[jira] [Comment Edited] (HBASE-21301) Heatmap for key access patterns

Archana Katiyar (JIRA) Fri, 12 Oct 2018 05:21:08 -0700


    [ 
https://issues.apache.org/jira/browse/HBASE-21301?page=com.atlassian.jira.plugin.system.issuetabpanels:comment-tabpanel&focusedCommentId=16647849#comment-16647849
 ]


Archana Katiyar edited comment on HBASE-21301 at 10/12/18 12:20 PM:
--------------------------------------------------------------------

*Summary of the work done till now*: 
 * Store data in a HBase table (new system table)
 ** We will store stats for all the regions corresponding to a given table in 
this table.
 ** TODO: Decide upon the schema, [[email protected]] suggested to take 
a reference from [openTSB 
schema|http://opentsdb.net/docs/build/html/user_guide/backends/hbase.html].

 * Add a ScheduledChore in HRegionServer class; this Chore will wake up in 
every x minutes (configurable) and store the read\write count for last x 
minutes in table. In future, same chore can be utilized to store other stats 
also. There were two options to record read and write stats for last x minutes 
in HRegion class:
 ** Introduce new read and write counters which should increment based on the 
operation performed by the user. ScheduledChore should reset the new counters 
once it has recorded the current values.
 ** Use existing read and write counters of HRegion. ScheduledChore should take 
care of finding the stats for last x minutes (because existing counters keep 
track of the stats starting when region went live).

I am implementing using existing counters to make sure that performance impact 
per read\write operation is minimal because of this change.
 * Add a new jsp file which reads data from the table and displays in the form 
of heatmap. The logic of this jsp file is simple, use table name and epoch time 
to query stats for all the regions which were live at that time.

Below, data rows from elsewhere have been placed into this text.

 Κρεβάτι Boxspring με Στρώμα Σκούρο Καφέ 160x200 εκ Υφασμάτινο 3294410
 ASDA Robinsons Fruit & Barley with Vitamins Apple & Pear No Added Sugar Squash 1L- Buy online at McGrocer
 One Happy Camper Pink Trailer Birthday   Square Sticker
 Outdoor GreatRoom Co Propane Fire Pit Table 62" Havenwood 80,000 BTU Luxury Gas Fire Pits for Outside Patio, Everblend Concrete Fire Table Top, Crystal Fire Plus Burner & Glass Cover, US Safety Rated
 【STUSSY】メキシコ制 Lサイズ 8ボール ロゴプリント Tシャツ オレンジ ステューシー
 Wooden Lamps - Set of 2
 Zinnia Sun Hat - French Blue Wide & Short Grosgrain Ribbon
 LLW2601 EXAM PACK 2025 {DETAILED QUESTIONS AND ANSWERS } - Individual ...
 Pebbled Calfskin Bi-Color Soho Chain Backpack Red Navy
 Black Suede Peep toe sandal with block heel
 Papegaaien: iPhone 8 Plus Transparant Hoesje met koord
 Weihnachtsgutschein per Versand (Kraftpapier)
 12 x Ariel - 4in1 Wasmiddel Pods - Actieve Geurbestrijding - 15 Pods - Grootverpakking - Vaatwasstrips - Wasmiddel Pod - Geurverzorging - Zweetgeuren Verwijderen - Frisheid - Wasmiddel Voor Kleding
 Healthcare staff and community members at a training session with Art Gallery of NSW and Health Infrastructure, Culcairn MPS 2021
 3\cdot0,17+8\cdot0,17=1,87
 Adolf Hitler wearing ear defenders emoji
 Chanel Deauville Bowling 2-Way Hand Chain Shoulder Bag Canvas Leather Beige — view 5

Also, [~apurtell] suggested to eventually store information per store file (may 
be not in v1 of this feature, but its a good goal to have). In his own words -

_"Regarding what granularity to use for statistics collection, you are 
definitely on the right track to start with the region as the smallest unit to 
consider. I believe Google's design of Key Visualizer can drill down to 
narrower, sub-region, scopes, so I have been thinking about how to achieve 
that, if we want. I would not recommend doing it for the first cut because we 
already have support for region level metrics that you can build on. However, 
imagine during compaction we collect statistics over all K-Vs in every HFile, 
then write the statistics into the hfile file trailer, then retrieve those 
statistics later using a new API. This will let us do things like alter 
compaction strategy decisions with greater awareness of the characteristics of 
the data in the store (see W-5473921 Enhance compaction upgrade decision to 
consider file statistics) or potentially generate heatmaps of key access rates 
at a store file granularity. Each store file will give you a key-range and a 
read and write access count that you can aggregate. The start and end keys of 
those ranges will be different from region start and end keys because store 
files only have a subset of all keys in the region. This lets us find hot 
regions that are narrower in scope than the region, which will be more precise 
information on how to, potentially, split the keyspace to better distribute the 
load, or to narrow down what aspect of application data model or implementation 
is responsible for the hotspot. I don't know _how_ to track key access stats 
with sub region granularity, though. We would need this information on hand to 
write into the hfile during compaction. Maybe we could sample reads and writes 
at the HRegion level and keep the derived stats in an in-memory data structure 
in the region. (Much lower overhead to keep it in-memory and local than attempt 
to persist to a real table.) We would persist relevant stats from this 
datastructure into the store files written during flushes and compactions."_

 


was (Author: archana.katiyar):
*Summary of the work done till now*: 
 * Store data in a HBase table (new system table)
 * We will store stats for all the regions corresponding to a given table in 
this table.
 * TODO: Decide upon the schema, [[email protected]] suggested to take 
a reference from [openTSB 
schema|http://opentsdb.net/docs/build/html/user_guide/backends/hbase.html].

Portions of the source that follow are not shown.